Several people from this august publication marched in our town’s St. Patrick’s Day parade last Saturday. I was invited, which was gracious of them, if disproportionate in the way that giving a World Series ring to the guy who tears tickets at Gate 14 seems disproportionate. I don’t do much, y’know? Let the folks in here every week throw candy at the children who’re still 10 or 15 years away from sneaking into Madison bars the evening after the parade. (And at the parents five or 10 years past it.) 

Besides, I don’t like St. Patrick’s Day. There, I said it. 

I’m supposed to, I am told, as I have some Irish background. But I also have Portuguese and Spanish and French-Canadian, and yet I am not plied with malasadas and linguiça and poutine once a year, despite the fact that all of those are so vastly superior to corned beef as to defy comparison. 

Corned beef, for one, is unflavored pastrami. The highlight of a corned beef and cabbage dinner is that once you’re done, you don’t have to do it again for a year. Irish food as practiced in my family comprises two things: boiling and starch. Cabbage, and potatoes, lukewarm. Soda bread. (Shudder). The Irish are basically against flavor, as I understand it. I get gastronomic hardship that represents something symbolic, as at a Seder, but cast as a voluntary day-to-day virtue? There’s a reason you can’t get Irish Takeout from Grubhub.

St. Patrick’s Day is to bars the bonanza that Valentine’s Day is to florists. If there’s a florist reading this, I wish to know if you hate February 14 with the same passion that my bartender friends hate March 17. I’m not sure what kind of ethnic pride shines brightest through the lens of screaming arguments between sobbing girls and shoving matches between guys wearing green Sox hats and hockey jerseys, but perhaps I don’t understand ethnic pride. I don’t understand workplace pride, school spirit, or patriotism, either. I’m with Groucho Marx: I don’t want to belong to any club that would have someone like me as a member. If I were to throw up on a public street to promote a cause, it would not be based on the birth location of a relative 100 years in the grave. 

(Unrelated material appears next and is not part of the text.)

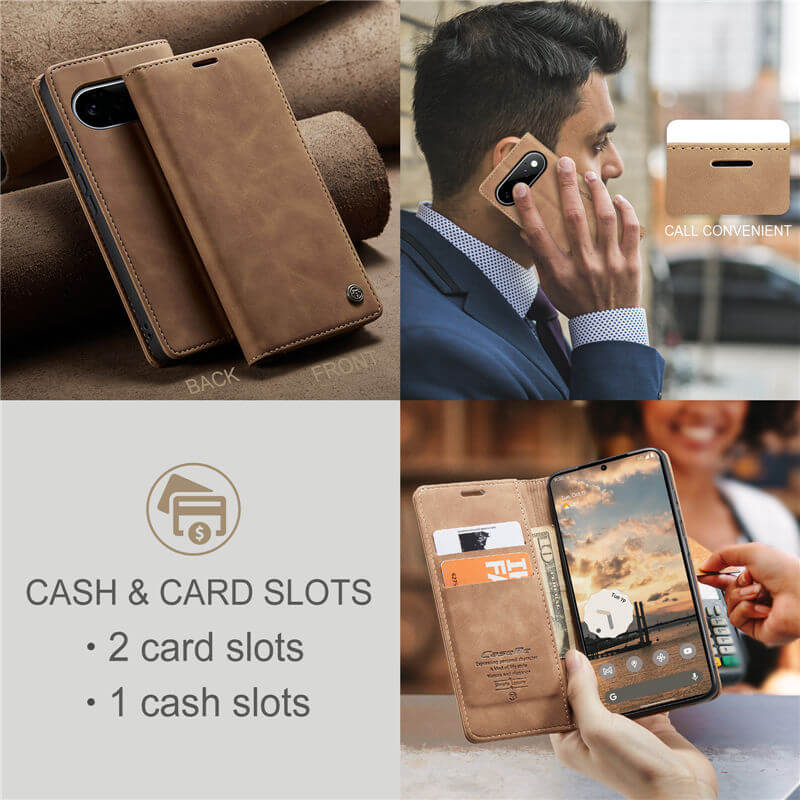 CaseMe Google Pixel 11/Pixel 11 Pro Wallet Case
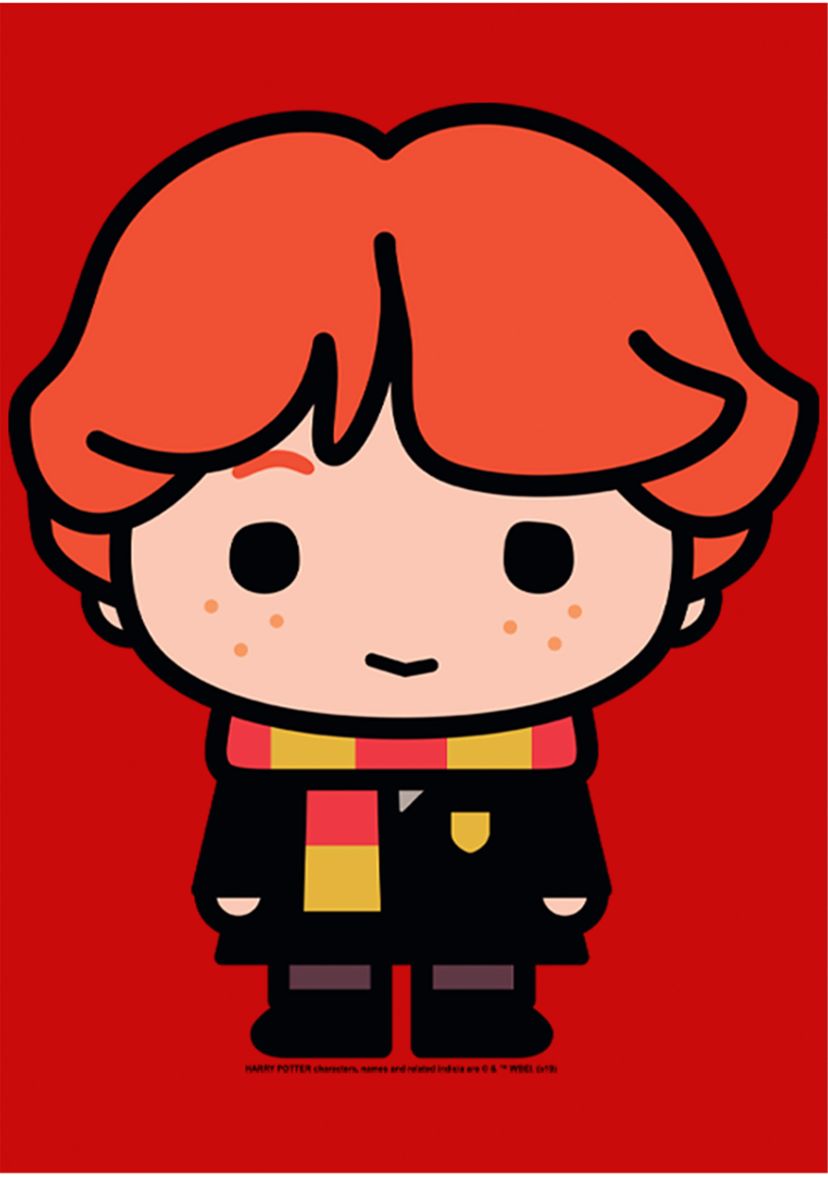 Boys 4-7  Chibi Ron Graphic T-Shirt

I also don’t get why those so allegedly proud of their Irish heritage aren’t madder about the whole Amos-and-Aidan vibe surrounding St. Patrick’s Day, but not even I will be offering comparable ethic stereotypes in print. The Internet does not consider context when there are pitchforks and torches to be brandished.

Furthermore, I don’t look good in green. Black I look good in. Lavender I look good in. White. Pink is a great color for me, too. When I wear pink, people ask me if I just got back from vacation. Green, not so much. In green I look seasick. 

I basically just don’t get why the Irish have the big day. Can we promote some more fun ethnicities for a couple years? Dial back St. Paddy’s to St. Swithin’s Day levels for a bit and give somebody else a turn. Drive the fun toward Cinco de Mayo or Ferragosto or Juneteenth. The food’s better, the music is better, the drinks are better, even the doggone weather is better. I’ll cheerfully march in a Juneteenth Parade and stay for the picnic afterward. 

You can’t tell me “Chi-talian” isn’t a vast improvement on the etymological butchery that is “Chi-rish.” 

Mardi Gras is an outstanding parade. So is Pride. Do we have those in Forest Park? I’m down to throw some beads.